-- Opening Marker --

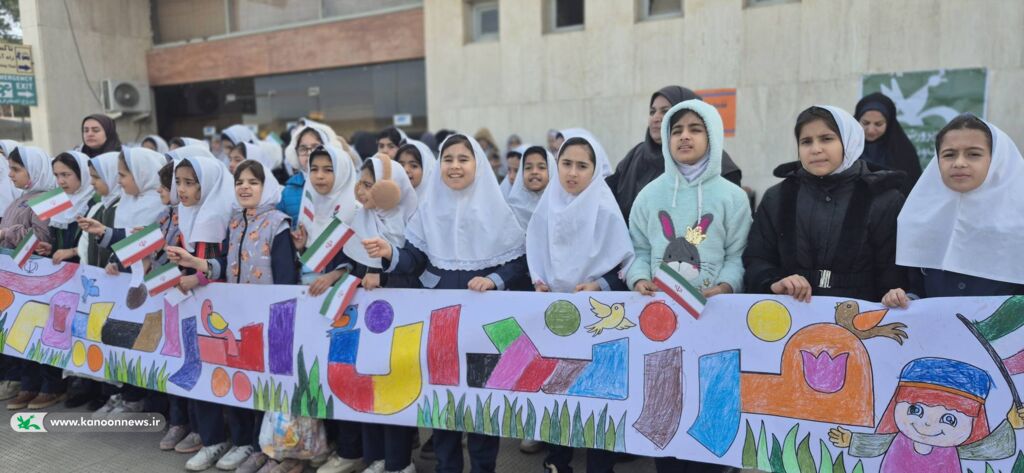 آشنایی کودکان گرگانی با دستاوردهای انقلاب در ویژه‌برنامه قطار شادی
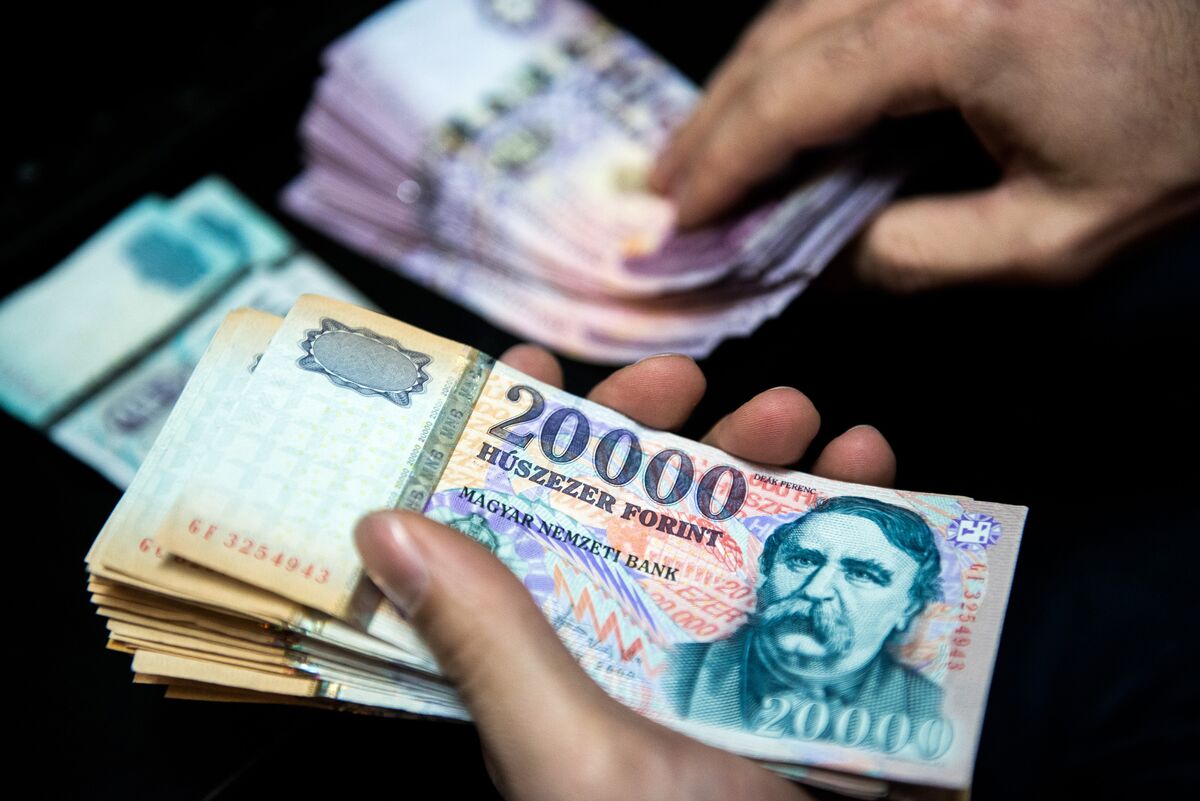 Illustrative photo for: Eastern European currency gains as emerging markets rally
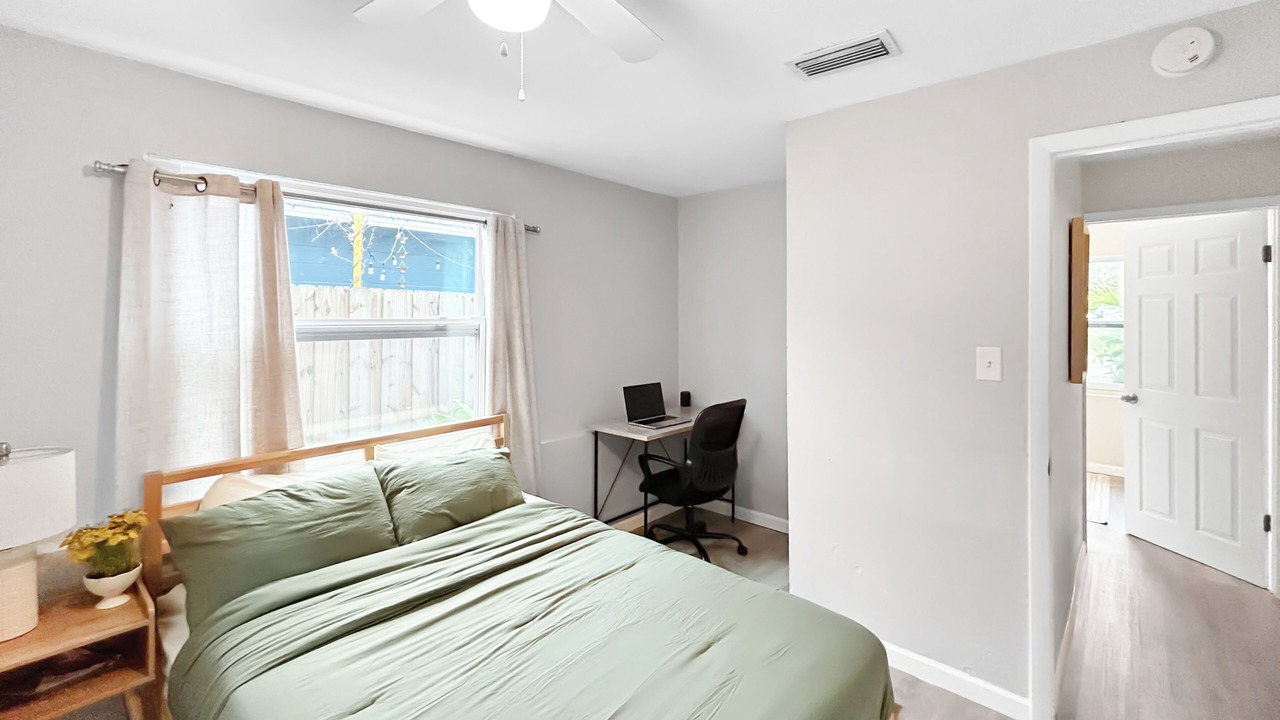 Photo of Bedroom in United Central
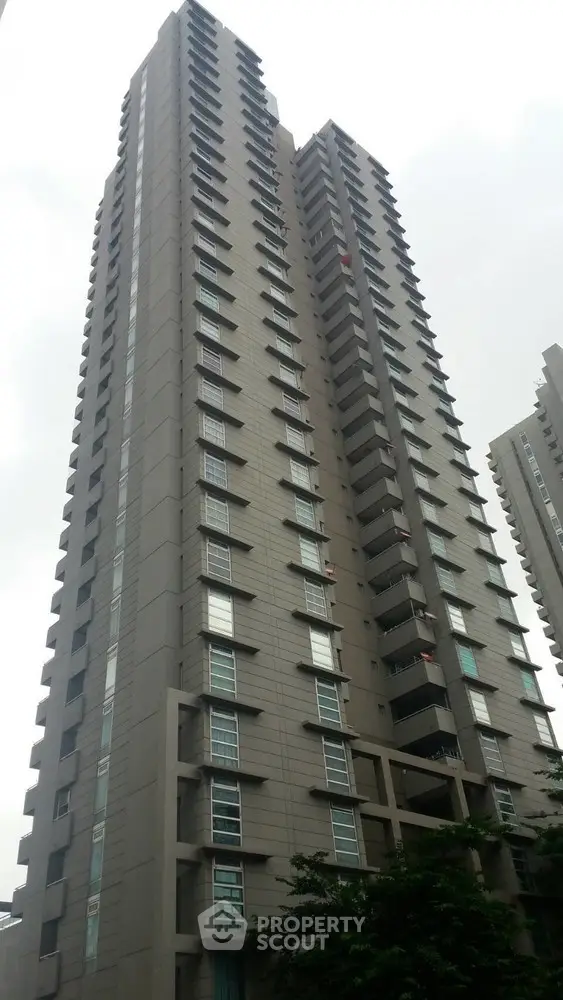  2 Bedrooms Condo -1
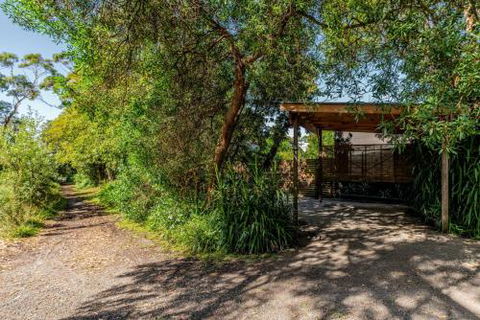 SUNSET BEACH SHACK On SURF - Kawana Tourism 3
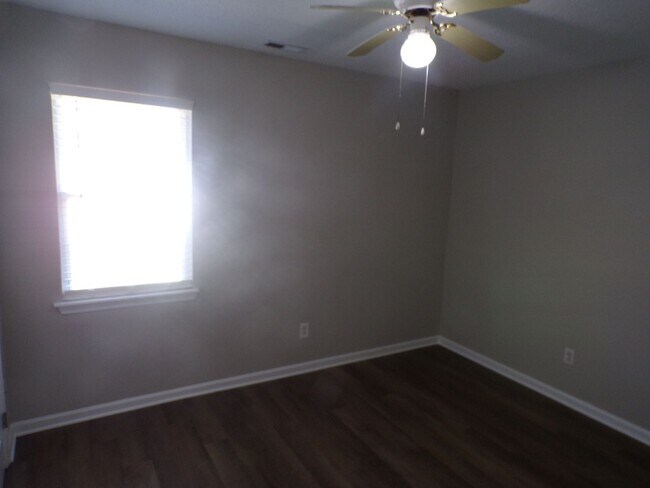 Building Photo - 1019 Furia Dr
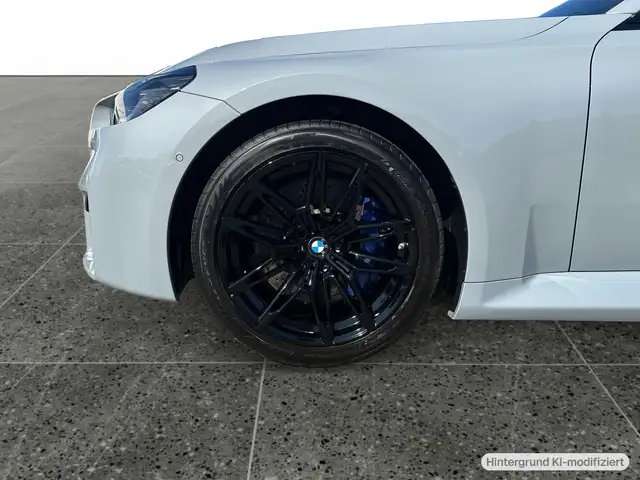 BMW M2 view 10
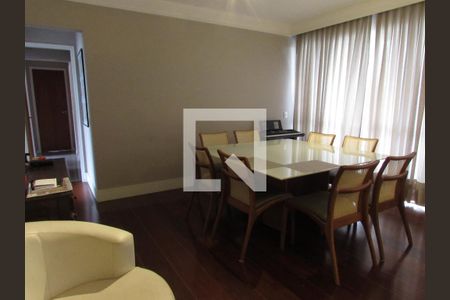 Apartamento à venda com 140m², 4 quartos e 3 vagasSala
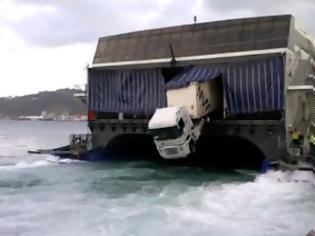 Φωτογραφία για Ξέχασε το χειρόφρενο [Video]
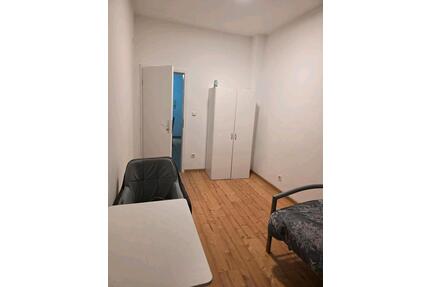 1 Zimmer Nähe Bahnhof - 400,00&nbsp;EUR Kaltmiete, ca.&nbsp; 12,00&nbsp;m&sup2; in Delmenhorst (PLZ: 27749)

-- Closing Marker --

What the exercise asks -
Each line above should be returned exactly as written, apart from any pictures.

Answer section -
 آشنایی کودکان گرگانی با دستاوردهای انقلاب در ویژه‌برنامه قطار شادی
 Illustrative photo for: Eastern European currency gains as emerging markets rally
 Photo of Bedroom in United Central
  2 Bedrooms Condo -1
 SUNSET BEACH SHACK On SURF - Kawana Tourism 3
 Building Photo - 1019 Furia Dr
 BMW M2 view 10
 Apartamento à venda com 140m², 4 quartos e 3 vagasSala
 Φωτογραφία για Ξέχασε το χειρόφρενο [Video]
 1 Zimmer Nähe Bahnhof - 400,00&nbsp;EUR Kaltmiete, ca.&nbsp; 12,00&nbsp;m&sup2; in Delmenhorst (PLZ: 27749)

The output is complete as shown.